Although the data below holds other lines too, output only those from the line with "دستگاهی برای درمان" up to and including the line with "콩뼈숯뼈감자탕 사진 1", exactly as they appear.

Listed entries »
□ □ □
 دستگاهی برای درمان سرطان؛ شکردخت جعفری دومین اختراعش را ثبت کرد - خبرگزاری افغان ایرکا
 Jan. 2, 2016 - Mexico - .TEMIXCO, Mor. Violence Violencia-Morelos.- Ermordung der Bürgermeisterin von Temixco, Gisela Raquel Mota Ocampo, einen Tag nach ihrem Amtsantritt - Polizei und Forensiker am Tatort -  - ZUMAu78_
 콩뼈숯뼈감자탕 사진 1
□ □ □
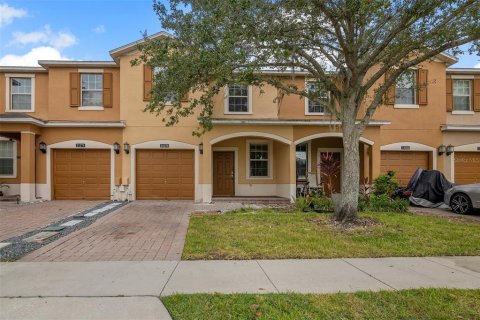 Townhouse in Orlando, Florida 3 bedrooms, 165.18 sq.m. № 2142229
□ □ □
Solution »
 دستگاهی برای درمان سرطان؛ شکردخت جعفری دومین اختراعش را ثبت کرد - خبرگزاری افغان ایرکا
 Jan. 2, 2016 - Mexico - .TEMIXCO, Mor. Violence Violencia-Morelos.- Ermordung der Bürgermeisterin von Temixco, Gisela Raquel Mota Ocampo, einen Tag nach ihrem Amtsantritt - Polizei und Forensiker am Tatort -  - ZUMAu78_
 콩뼈숯뼈감자탕 사진 1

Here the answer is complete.